Princess India was born in Bombay, British India, five months after her father's abdication on 14 January 1929 and named in honor of the country they fled to exile. After an invitation by Queen Elena of Italy, the family eventually settled in Rome, where the princess grew up and continued to make her home.

India was educated at Pension Marie-José, Gstaad, Switzerland, and Pontifical Gregorian University, Rome, Italy.

India visited Afghanistan for the first time in 1968, and started charity work for Afghan children seeking aid.

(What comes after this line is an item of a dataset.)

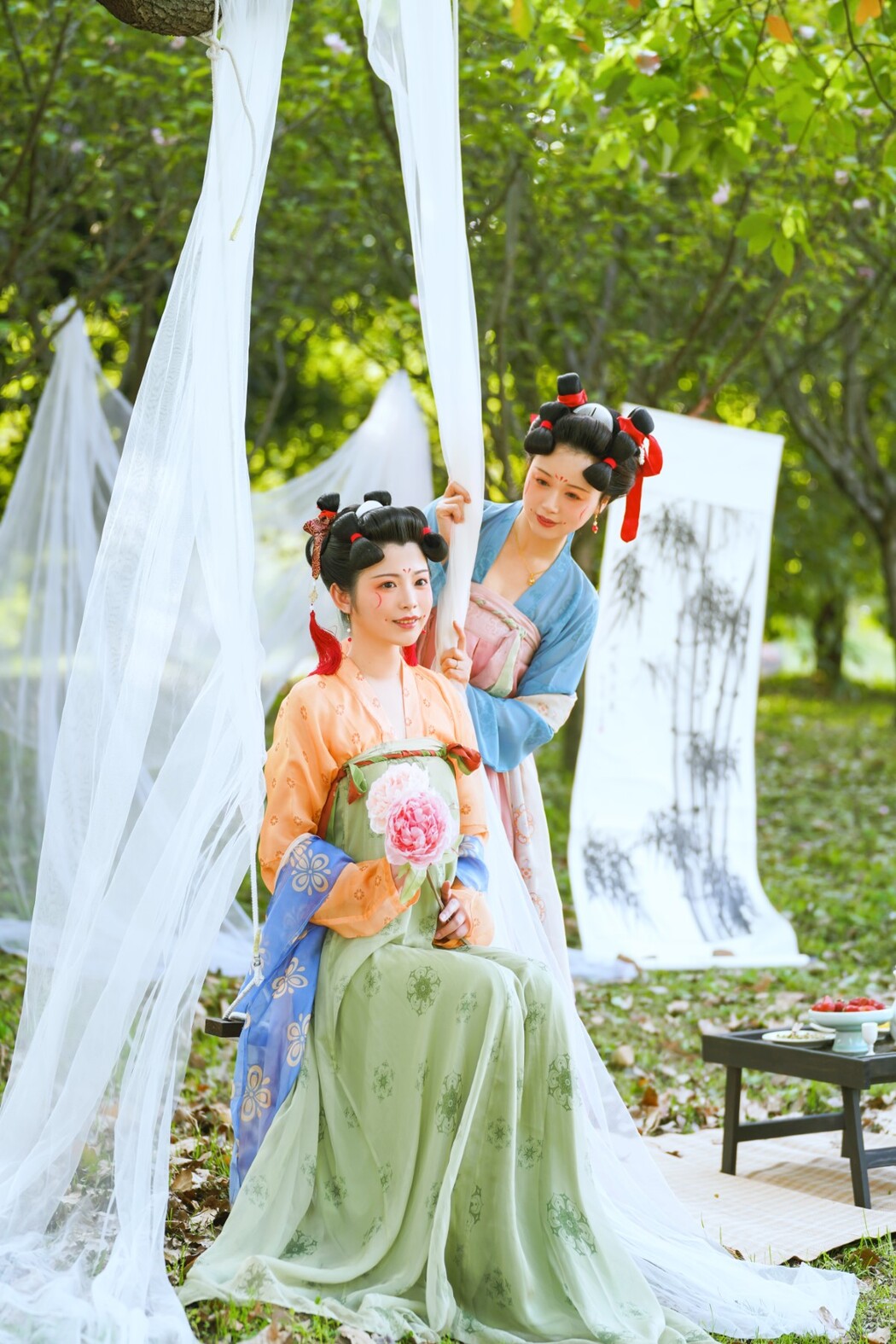 YiTuYu艺图语 Vol.1453 Xiao Xiao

In the 2000s, Princess India formed the Mahmud Tarzi Cultural Foundation (MTCF) in Kabul, where she served as vice chairman as of 2010. In 2006, Princess India was appointed Cultural Ambassador to Europe by the Afghan President, Hamid Karzai. She spent her time between Rome and Kabul before the Taliban takeover of 2021 and held lectures at conferences throughout Europe.

In August 2019, Princess India was invited by the Afghan government to take part in the state's celebrations for Afghanistan's 100th anniversary of independence.

==Personal life==
Princess India was married twice and had two daughters (from the first marriage) and a son (from the second marriage).

Princess India thought of her mother as a positive figure in contemporary Afghanistan, calling her achievements "highly regarded by Afghans", and adding her speeches of "how she encouraged Afghan women to become independent, to learn how to read and write." Regarding women's rights in Afghanistan, India thought that more education is needed for Afghan men to improve the situation. She also said of the burqa that it is "not an Afghan garment and is not even an Islamic garment".

In September 2011, Princess India of Afghanistan was honored by the Afghan-American Women Association for her work in women's rights. In 2012, Radio Azadi named her "Person of the Year" for her humanitarian work.

Princess India of Afghanistan died on 13 October 2023, at the age of 94. One year after in September 2024 in Italy is published il bambino che danzava con le farfalle a novel based in Afghanistan and dedicated to Princess India by italian writer Demetrio Baffa Trasci Amalfitani di Crucoli and novel won the literary price "Valerio Gentile".